Douglas Clement does an outstanding job of providing background on the way that economists have dealt with the issue of copyright in the context of economic growth. (An earlier version of Clement's article first appeared here.)
Clement's article revolves around a controversial proposition articulated by Michele Boldrin and David K. Levine. They argue that copyright is unnecessary to reward innovation. According to their theory, if people are allowed to copy freely, then this will raise the value of the first few copies (which presumably are made by the creator) to the same point that would be reached if the initial creator were given the right to restrict copying.
When I sell a book to a publisher, the publisher makes a guess as to what it will be worth to print copies of my book, and pays me accordingly. Boldrin and Levine argue that this mechanism also could work if other publishers could freely copy the book--because those publishers would pay my publisher a lot in order to get their hands on early copies.
Clement describes some real-world cases in which innovation takes place in spite of a lack of copy protection.
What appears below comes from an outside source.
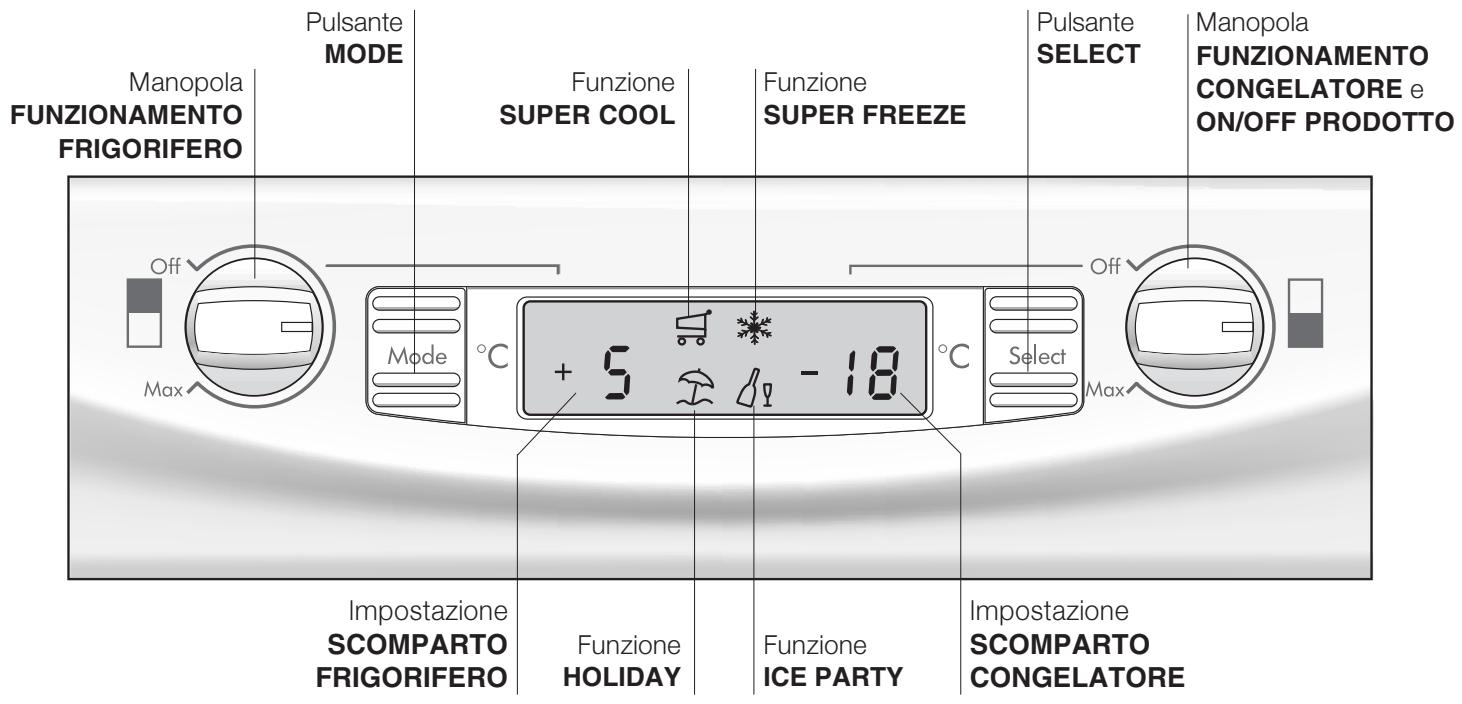 Manopola FUNZIONAMENTO FRIGORIFERO Pulsante MODE Funzione SUPER COOL Funzione SUPER FREEZE Pulsante SELECT Manopola FUNZIONAMENTO CONGELATORE e ON/OFF PRODOTTO Off Max Mode °C + 5 - 18 °C Select Max Impostazione SCOMPARTO FRIGORIFERO Funzione HOLIDAY Funzione ICE PARTY Impostazione SCOMPARTO CONGELATORE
The fashion world -- highly competitive, with designs largely unprotected -- innovates constantly and profitably. A Gucci is a Gucci; knock-offs are mere imitations and worth less than the original, so Gucci -- for better or worse -- still has an incentive to create. The financial securities industry makes millions by developing and selling complex securities and options without benefit of intellectual property protection. Competitors are free to copy a firm’s security package, but doing so takes time. The initial developer’s first-mover advantage secures enough profit to justify "inventing" the security.
Note, however, that the people who pay high prices for a Gucci or for a new type of security are not the people who make the copies. The profit mechanism differs from the one given by Boldrin and Levine.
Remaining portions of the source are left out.